Task-oriented chatbots at WayBlazer
At WayBlazer, we’re using AI-based chatbots in a couple of scenarios. We use a task-oriented chatbot to help users focus on booking a hotel/flight or finding a spot in the world to vacation next. These chatbots are not general knowledge chatbots that you can ask trivia questions. Rather, they are goal oriented chatbots focused on helping you complete a travel-related task in the inspiration and research phase of trip consideration.
We’ll walk you through a high-level architecture of our task-oriented chatbot and where we apply AI techniques.
First, our chatbot understands intent within the response from the user with its Natural Language Understanding (NLU) component. The NLU has two outputs it needs to achieve: it must determine what the customer is asking/telling us (the intent) as well as parsing the input into pieces called slots.

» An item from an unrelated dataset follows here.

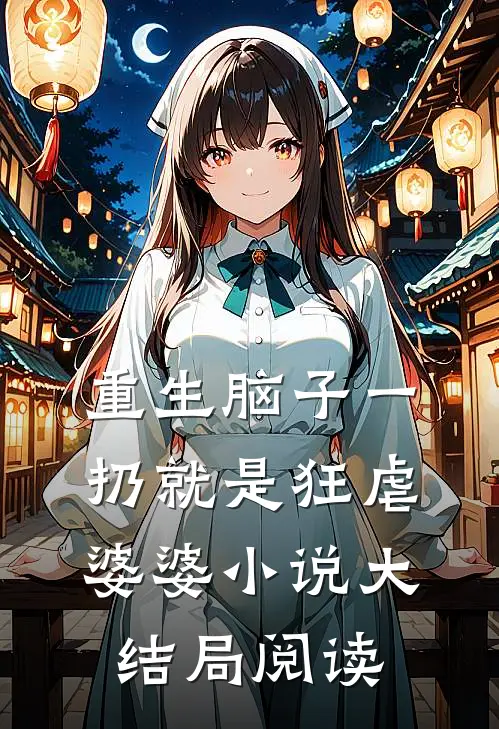 重生脑子一扔就是狂虐婆婆小说大结局阅读
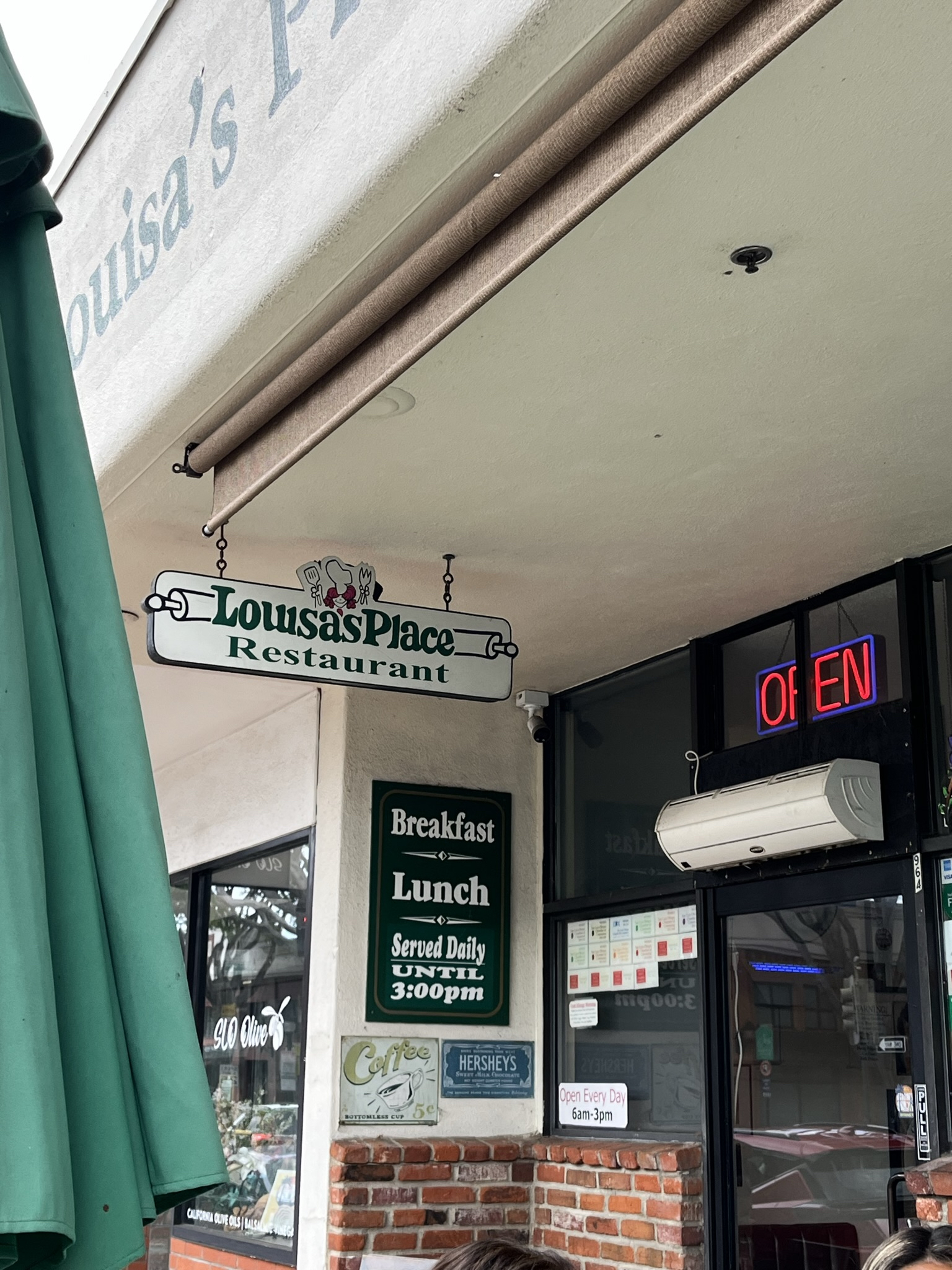 Louisa's Place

For example the input of “My wife and I would like to book a hotel room in London” has the intent of booking hotel and two slots might be “travelers: 2 adults“ and “destination: London“.
At this point the NLU doesn’t have access to any previous conversations with the user so it is stateless. To classify the intent as well as parse the input dialog into the appropriate slots, the NLU relies on machine learning based on a corpus of labelled data to handle the myriad of ways users phrase questions and statements.
The Dialog Manager (DM) receives the output of the NLU: the intent and new slots. The DM has the state of the previous conversation in the Dialog State Tracking (DST) sub-component. Using the input intent, the DST decides if the new slot values received should replace existing slot values — perhaps the conversation moved from a London trip to a Madrid trip? Or maybe NLU intent is to augment the existing slots with new data — perhaps adding another traveller to the trip. In addition the DST needs to consider any external reference information like getting pricing and availability for a new set of dates and update the state accordingly.
Once the DST has updated the state of the current conversation, the Dialog Manager consults with the Dialog Policy (DP) on what the next step is to help the customer achieve the task. Maybe it’s to ask a relevant follow up question or maybe it’s to let them book their trip as the task has been achieved. The DP is often rules based, but this is an active area of interest on achieving more natural conversation flow by examining human-to-human chats for the similar tasks.
Natural Language Generation (NLG) is the final piece of our chatbot. This is where we format the exact reply to the user based on the output from the DM — updated slots as well as the next policy from the DP. It might acknowledge any information given as well as formulate the next follow up question in natural language if the task is not complete. Like the NLU, this component is also stateless; however, unlike NLU it is often rules based and not machine learned. The NLG often uses templates to formulate the response, but with enough training data AI techniques can generate more natural responses.